21st Century Digital Boy

July 31, 2007

Screw the “A-List”, give me authentic people

Filed under: The Web — 21cdb @ 10:45 am

Count me in on the “Fuck the A-List” club: I’d rather read about someone getting engaged than yet another boring gmail hack, yet another video blog, or yet another feature-as-business-model.

Dare is interesting because he mingles thoughts on social software with, well, “cat pictures”. Jeremy Zawodny is interesting because he talks about technology, then shows pictures of airplanes. And so on, and so on. Scoble is not interesting, he’s a meme abattoir. Go back through Google, get all the entries for this search, and then s/Second Life/Facebook/g.

If we’re all supposed to care about the “long tail” and the whole world having a voice, why are we even debating the existence of an “A-list”? Aren’t they the douchebags, ready to fall at a moment’s notice as soon as Google changes an algorithm?

July 30, 2007

Results of recent media exposure

Filed under: Movies — 21cdb @ 12:36 pm

Now You Know“: slow but usually amusing build to a disappointing conclusion; the journey is more amusing than the destination. Good to watch for fans of View Askew, but feel free to bail before the “big reveal”.

Blood Diamond“: OK this was over-long, and at times followed the annoying racial-buddy-movie cliche of, “white guy holds forth on how he’s not a racist then 5 minutes later calls a black guy the n-word”. It was very well shot, though, and irritated the shit out of the diamond industry, which is a plus. It actually mentions the other shame of the diamond industry, that of false scarcity, which is pretty cool. Also it lacks notable Jennifer Connelly boobage.

Flightplan“: OMG SUCK.

Slither“: Pretty damn good schlock horror flick.

I jumped ship from Netflix to Blockbuster, for 2 reasons. 1, Netflix has been fucking me raw with return times. In Fairfax, I’d return a movie Monday and have another by Wednesday; in Ashburn, I’d return a movie Monday and maybe - maybe - have another by Thursday (but more likely, Friday). This is unacceptable. 2, my gym is a few doors down from a Blockbuster retail store, so it is easier to take advantage of the return-online-movies-to-the-store thing since I’m right there.

The downside of Blockbuster Online is their web interface is a little less clean than Netflix, which makes it a little painful on my shit connection; and their search engine blows goats.
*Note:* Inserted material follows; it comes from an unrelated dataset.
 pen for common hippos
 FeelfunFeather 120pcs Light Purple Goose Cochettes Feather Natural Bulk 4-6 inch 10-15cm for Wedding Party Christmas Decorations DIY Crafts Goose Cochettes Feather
A search on “House” returns no popular movies in the first page: not “House of 1,000 Corpses”, nor “House, MD” or any other ostensibly popular (read: recent) results.

July 21, 2007

c-client + php 5.2.3 + os x + –with-imap

Filed under: PHP — 21cdb @ 2:20 pm

So that wasn’t working for me. I kept getting bullshit errors a la, “checking whether build with IMAP works… no”.

Turns out the answer was, ‘ranlib - libc-client.a’ then configure on php. This is also why I fuckin’ hate PHP.

July 16, 2007

10 things that sucked about “Transformers”

Filed under: Movies — 21cdb @ 10:01 am

How much did Transformers suck? Let me count the ways. Here’s 10, off the top of my head.

1. Michael Bay is a hack. He confuses action in a story, with making something happen every 8 minutes. Ideally no “scene” in a Michael Bay flick will last longer than 2, maybe 3 minutes; there was to be Big Action every 8-10 minutes, or he gets hives or something. In short the story moves forward more by fiat than actual plot.

2. Did you notice how the Transformers weren’t really that important in the flick? It was about Shia Lebeouf trying to get laid, and happened to feature giant, transforming alien robots. In fact, one could argue that it took giant transforming alien robots to get him laid; how sad is that.

I don’t think any Decepticons really had any dialog at all; Megatron appears late in the film; the Autobots exist only to crack the occasional one-liner, or complain to OP about “why are we fighting for the humans”. In fact I’d wager the scorpion robot or the boombox spy robot had more screen time than Megatron; probably only Bumblebee had any appreciable time (and that was as car).

No more summer sci-fi blockbusters that are actually about one boy’s desperate quest for pussy (Deep Impact, etc). PLEASE?

3. “OK, John (Turturro). Look, I know you’re a great character actor, but basically, just mug for the camera and overdo the shit out of it. OK? Your motivation is, ‘You need to make some car payments so you took a stupid role in a Michael Bay film’. Aaaaaand … action.”

4. “OK, John (Voight). Look, I know you’re a great character actor, but basically, just ” etc etc as above. Also why bother to focus on SecDef? To make the one boring and stupid POTUS joke? Look I’m all for “insert GWB analog, then make him look like a doofus” but there’s just no point. Skip the political commentary altogether, OK? Giant robots people. That’s what we’re here for.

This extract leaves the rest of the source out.